======== Data provided ========

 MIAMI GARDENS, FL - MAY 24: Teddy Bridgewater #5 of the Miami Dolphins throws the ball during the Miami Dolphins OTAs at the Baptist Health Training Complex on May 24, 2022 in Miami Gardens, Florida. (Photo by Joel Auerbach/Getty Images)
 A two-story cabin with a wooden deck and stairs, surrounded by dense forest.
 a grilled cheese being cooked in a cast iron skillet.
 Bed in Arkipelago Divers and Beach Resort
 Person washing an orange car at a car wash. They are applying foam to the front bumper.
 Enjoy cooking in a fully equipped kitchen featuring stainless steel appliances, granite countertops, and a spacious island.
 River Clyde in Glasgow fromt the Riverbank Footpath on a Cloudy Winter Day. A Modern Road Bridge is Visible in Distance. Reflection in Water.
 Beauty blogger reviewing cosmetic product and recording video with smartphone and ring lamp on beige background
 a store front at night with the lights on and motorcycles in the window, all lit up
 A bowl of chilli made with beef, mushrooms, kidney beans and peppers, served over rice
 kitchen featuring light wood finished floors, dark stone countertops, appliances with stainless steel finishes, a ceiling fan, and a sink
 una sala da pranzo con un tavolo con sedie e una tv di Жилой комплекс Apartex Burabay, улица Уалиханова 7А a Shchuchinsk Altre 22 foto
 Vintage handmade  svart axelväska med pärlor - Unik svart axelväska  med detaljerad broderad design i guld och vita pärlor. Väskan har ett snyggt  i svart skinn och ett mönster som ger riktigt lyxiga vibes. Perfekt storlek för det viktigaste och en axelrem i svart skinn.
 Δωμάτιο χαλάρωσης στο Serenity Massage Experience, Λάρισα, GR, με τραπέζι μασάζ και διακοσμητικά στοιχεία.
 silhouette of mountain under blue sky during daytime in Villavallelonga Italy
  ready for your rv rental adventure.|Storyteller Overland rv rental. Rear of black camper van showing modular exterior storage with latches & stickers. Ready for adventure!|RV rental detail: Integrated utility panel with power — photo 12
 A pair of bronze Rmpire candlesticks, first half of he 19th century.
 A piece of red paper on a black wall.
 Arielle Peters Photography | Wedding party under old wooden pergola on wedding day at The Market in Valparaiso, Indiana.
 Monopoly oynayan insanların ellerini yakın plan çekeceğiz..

========

▸ Task goal
All that belongs in the answer is the run of lines above from the line containing "Bed in Arkipelago Divers and Beach Resort" through the line containing "Enjoy cooking in", exactly as written.

▸ Solution
 Bed in Arkipelago Divers and Beach Resort
 Person washing an orange car at a car wash. They are applying foam to the front bumper.
 Enjoy cooking in a fully equipped kitchen featuring stainless steel appliances, granite countertops, and a spacious island.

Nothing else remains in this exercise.